Greetings folks, as the days go by and we count down to the launch of the Windrush Years-Next Generations programme, I wonder what our trail blazers would think of what we are doing. 

The first event in the launch of this years programme all are invited to come along and share in this moment.

This year marks the 70th Anniversary Celebrations of the docking of the SS Empire Windrush, on 22nd June 1948, at Tilbury Docks, Essex, England. In Oxford & Oxfordshire, African Caribbean& African Kultural Heritage Initiative (ACKHI) and the Afrikan heritage community, its partners, Museum of Oxford, Oxford City Council, Pitt Rivers Museum, Oxford University History Faculty and more (see below) has developed a programme of events to mark the anniversary, during 2018 and 2019.

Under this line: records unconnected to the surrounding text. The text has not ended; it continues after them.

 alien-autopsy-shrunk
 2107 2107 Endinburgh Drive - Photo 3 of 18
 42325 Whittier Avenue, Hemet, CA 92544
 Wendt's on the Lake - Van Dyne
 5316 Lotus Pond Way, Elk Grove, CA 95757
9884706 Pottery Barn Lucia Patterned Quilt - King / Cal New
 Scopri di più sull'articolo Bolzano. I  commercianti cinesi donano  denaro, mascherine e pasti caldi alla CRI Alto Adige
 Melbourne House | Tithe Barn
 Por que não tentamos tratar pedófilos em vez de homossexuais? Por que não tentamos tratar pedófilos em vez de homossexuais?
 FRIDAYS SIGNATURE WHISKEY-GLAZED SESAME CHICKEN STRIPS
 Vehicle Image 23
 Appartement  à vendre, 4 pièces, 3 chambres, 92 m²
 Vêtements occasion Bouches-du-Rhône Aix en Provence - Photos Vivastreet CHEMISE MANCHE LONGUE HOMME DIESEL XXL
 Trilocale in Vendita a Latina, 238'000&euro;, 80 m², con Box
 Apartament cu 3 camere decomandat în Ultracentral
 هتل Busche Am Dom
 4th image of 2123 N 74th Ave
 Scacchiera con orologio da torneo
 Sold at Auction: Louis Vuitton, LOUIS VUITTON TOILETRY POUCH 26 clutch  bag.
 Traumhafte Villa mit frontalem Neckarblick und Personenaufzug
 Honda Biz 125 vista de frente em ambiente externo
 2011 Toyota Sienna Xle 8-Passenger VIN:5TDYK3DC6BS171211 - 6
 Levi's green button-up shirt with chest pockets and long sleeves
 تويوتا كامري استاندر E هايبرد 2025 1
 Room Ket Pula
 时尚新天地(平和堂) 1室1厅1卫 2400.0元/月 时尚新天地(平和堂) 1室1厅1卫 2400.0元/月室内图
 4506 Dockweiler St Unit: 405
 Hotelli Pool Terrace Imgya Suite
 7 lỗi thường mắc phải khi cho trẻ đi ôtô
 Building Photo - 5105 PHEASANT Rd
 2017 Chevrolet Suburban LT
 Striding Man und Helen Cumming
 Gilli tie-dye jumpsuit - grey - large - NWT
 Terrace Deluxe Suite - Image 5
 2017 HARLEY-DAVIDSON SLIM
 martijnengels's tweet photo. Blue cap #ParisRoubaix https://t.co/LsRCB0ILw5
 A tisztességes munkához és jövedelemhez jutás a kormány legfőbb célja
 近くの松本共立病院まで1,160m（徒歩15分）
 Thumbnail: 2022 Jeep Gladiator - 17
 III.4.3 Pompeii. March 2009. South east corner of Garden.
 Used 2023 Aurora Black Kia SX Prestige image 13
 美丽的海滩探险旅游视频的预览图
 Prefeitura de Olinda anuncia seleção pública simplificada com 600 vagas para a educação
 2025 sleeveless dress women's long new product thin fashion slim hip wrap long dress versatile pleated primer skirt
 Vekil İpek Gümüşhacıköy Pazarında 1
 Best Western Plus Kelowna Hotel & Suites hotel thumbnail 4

The ‘Windrush Generations’ has been hailed a significant moment in British history, arguably changing the economic, social and cultural landscape of Britain. The SS Empire Windrush, named after the river Windrush which runs through Oxfordshire, brought 492 plus, Jamaicans and several people from some of the other British Caribbean Islands to England. ‘The trail-blazers.’ The first significant numbers of ‘West Indians’ to arrive in England, responding to Britain’s call for support in the form of labour to aid its post World War II rebuilding programme. Seventy (70) years later, we have witnessed the appalling “Windrush Scandal” and the denial of citizenship to those who have lived worked, studied and raised their families in Britain.

We in Oxfordshire want to commemorate, celebrate and honour those ‘Trail Blazers’, their legacy, the next generations of West Indians/Caribbeans, British Caribbeans, and their impact and contributions to British society.